Dlaczego Gollob wybrał właśnie taki numer? - Urodziłem się w Bydgoszczy. To również rodzinne miasto jednego z najlepszych polskich piłkarzy, Zbigniewa Bońka. Przez szacunek dla tego wielkiego człowieka chciałem wystąpić w Mistrzostwach Europy w przyszłym sezonie z numerem 20. Dwudziestka to numer, z którym Zbigniew Boniek zagrał w pamiętnym dla polskich kibiców meczu z Belgią podczas mundialu w Argentynie w 1982 roku i strzelił trzy bramki. Od zawsze był dla mnie sportowym idolem i podkreślam raz jeszcze, że darzę go olbrzymim szacunkiem. Dlatego zdecydowałem się na numer 20 - wyjaśnia żużlowiec Unibaksu.

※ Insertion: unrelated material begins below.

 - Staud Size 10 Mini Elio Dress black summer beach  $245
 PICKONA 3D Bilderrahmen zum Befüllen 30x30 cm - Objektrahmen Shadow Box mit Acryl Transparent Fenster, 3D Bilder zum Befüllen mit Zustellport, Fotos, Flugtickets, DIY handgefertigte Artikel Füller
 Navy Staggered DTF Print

Emil Sajfutdinow z kolei wybrał dwie ostatnie cyfry swojego roku urodzenia. - Nie zastanawiałem się długo nad wyborem numeru. Urodziłem się w 1989 roku. Ta data jest dla mnie bardzo ważna i można powiedzieć, że się z nią utożsamiam. O samym pomyśle organizatorów SEC na temat wyboru numerów słyszałem już jakiś czas temu i muszę przyznać, że od razu mi się on spodobał. Teraz wchodzi oficjalnie w życie i z pewnością będzie to dla nas, żużlowców spora gratka - przekazał za pośrednictwem Facebooka rosyjski żużlowiec. Numer ten pojawił się już w logo teamu i będzie obecny również na bluzach i czapeczkach - wytłumaczył za pośrednictwem facebooka.
Wiemy także, że nr 1 jest zarezerwowany dla obrońcy tytułu Martina Vaculika, a Grigorij Laguta zdecydował się na 111. Żużlowcy mogą wybierać wśród cyfr od 2 do 999.